Thank you for your comment! Inference is all about reducing the friction associa...

Aspos · on Aug 23, 2023

Genuine feedback: I guess your readme.md describes the HOW well, but does not touch the WHY. Why should I use this? Why not?

yeldarb · on Aug 23, 2023

We'll work on adding this to the repo, but I'll try to summarize here.

Why should I use this? If you're looking to deploy computer vision models to production (on edge devices or self-hosting in the cloud), Roboflow Inference is the easiest way to get up and running quickly & to iteratively improve your model's performance over time.

It's also in very active use with many real-world customers in production. That means we've ironed out (and are continuing to find and fix) many of the bugs and edge-cases that you'd invariably encounter building something on your own or using something less mature.

When should you _not_ use this? For everything else.

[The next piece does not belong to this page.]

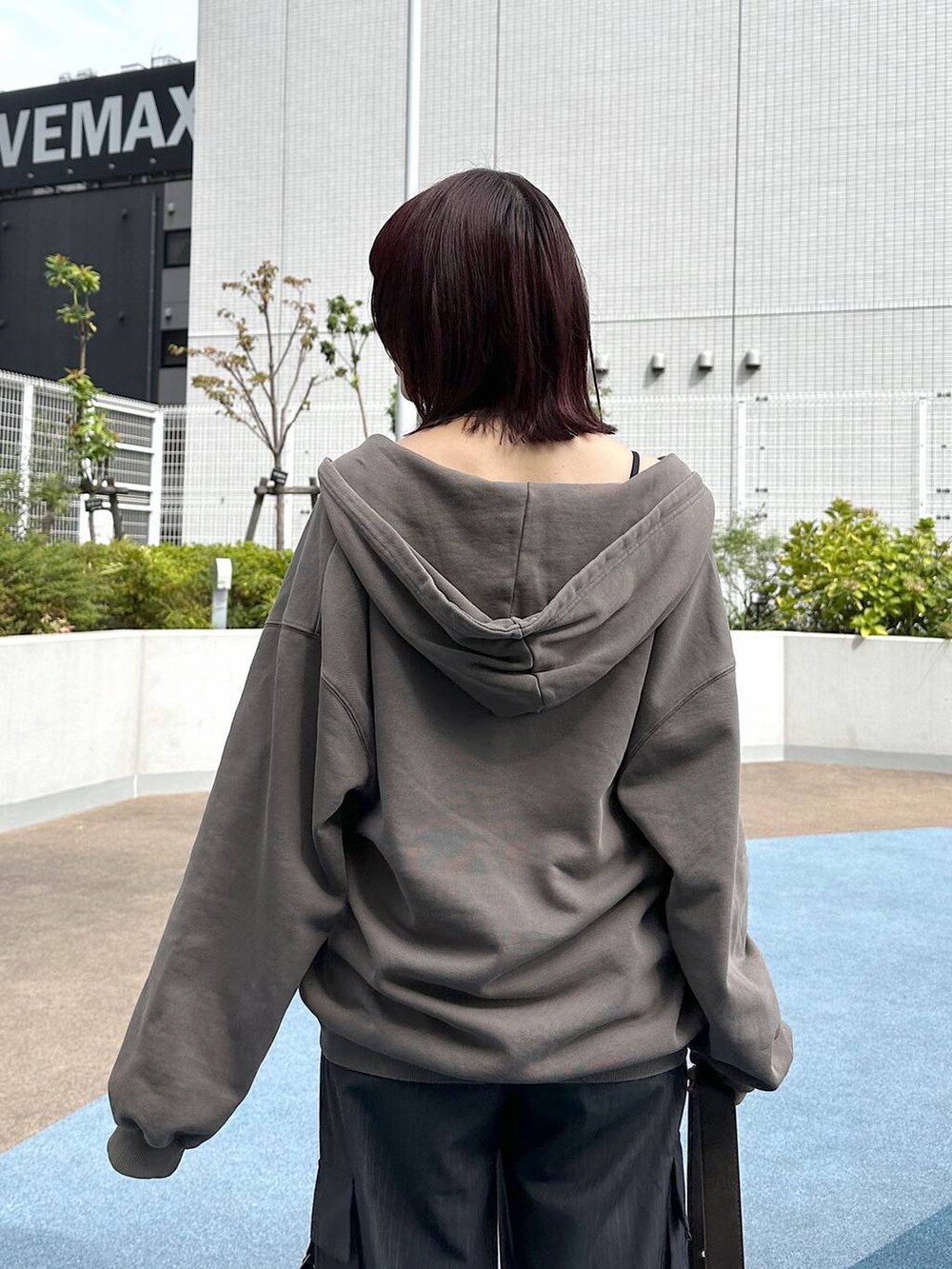 ブラック系のスニーカー、グレー系のスラックス、ブラウン系のパーカーを着用したレディースの秋コーディネートの8枚目の写真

* If you're prototyping & hacking on core model primitives there are likely too many layers of abstraction & you should wait to productionize the model until you're happy with the underlying architecture.

* If you're not doing computer vision you're probably better off with something focused on the specific needs of LLMs or other types of models.

* If you need the absolute highest speed possible you may want to use lower-level tools like DeepStream and Triton (for now). Out of the box we sacrifice a bit of speed to get a better interface & end-user experience. We do have a TensorRT provider that sacrifices some of that convenience for speed & are working on additional optimizations (including potentially integrating with DeepStream/Triton behind the scenes).

Edit: @zerojames updated the README.